Interpretation

chemprop.interpret.py uses a Monte Carlo Tree Search to interpret trained Chemprop models by identifying substructures of a molecule which are primarily responsible for Chemprop’s prediction.

class chemprop.interpret.ChempropModel(args: InterpretArgs)[source]

A ChempropModel is a wrapper around a MoleculeModel for interpretation.

Parameters:

args – A InterpretArgs object containing arguments for interpretation.

class chemprop.interpret.MCTSNode(smiles: str, atoms: List[int], W: float = 0, N: int = 0, P: float = 0)[source]

A MCTSNode represents a node in a Monte Carlo Tree Search.

Parameters:
  • smiles – The SMILES for the substructure at this node.

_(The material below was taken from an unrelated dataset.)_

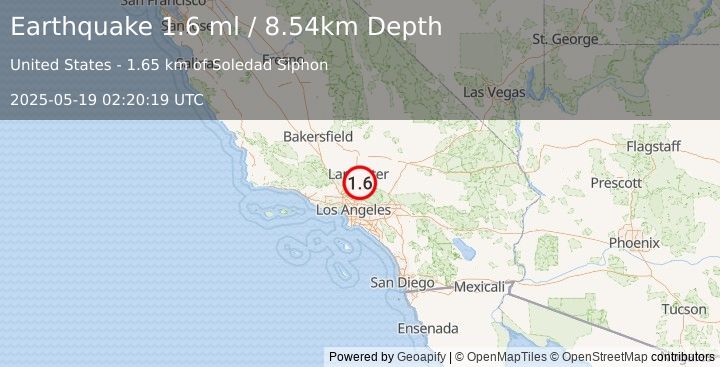 Earthquake 3 km NE of Vincent, CA (1.6 ml) (2025-05-19 02:20:19 UTC)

  • atoms – A list of atom indices represented by this node.

  • W – The W value of this node.

  • N – The N value of this node.

  • P – The P value of this node.

chemprop.interpret.chemprop_interpret() None[source]

Runs interpretation of a Chemprop model.

This is the entry point for the command line command chemprop_interpret.

chemprop.interpret.extract_subgraph(smiles: str, selected_atoms: Set[int]) Tuple[str, List[int]][source]

Extracts a subgraph from a SMILES given a set of atom indices.

Parameters:
  • smiles – A SMILES from which to extract a subgraph.

  • selected_atoms – The atoms which form the subgraph to be extracted.

Returns:

A tuple containing a SMILES representing the subgraph and a list of root atom indices from the selected indices.

chemprop.interpret.find_clusters(mol: Mol) Tuple[List[Tuple[int, ...]], List[List[int]]][source]

Finds clusters within the molecule.

Parameters:

mol – An RDKit molecule.

Returns:

A tuple containing a list of atom tuples representing the clusters and a list of lists of atoms in each cluster.

chemprop.interpret.interpret(args: InterpretArgs) None[source]

Runs interpretation of a Chemprop model using the Monte Carlo Tree Search algorithm.

Parameters:

args – A InterpretArgs object containing arguments for interpretation.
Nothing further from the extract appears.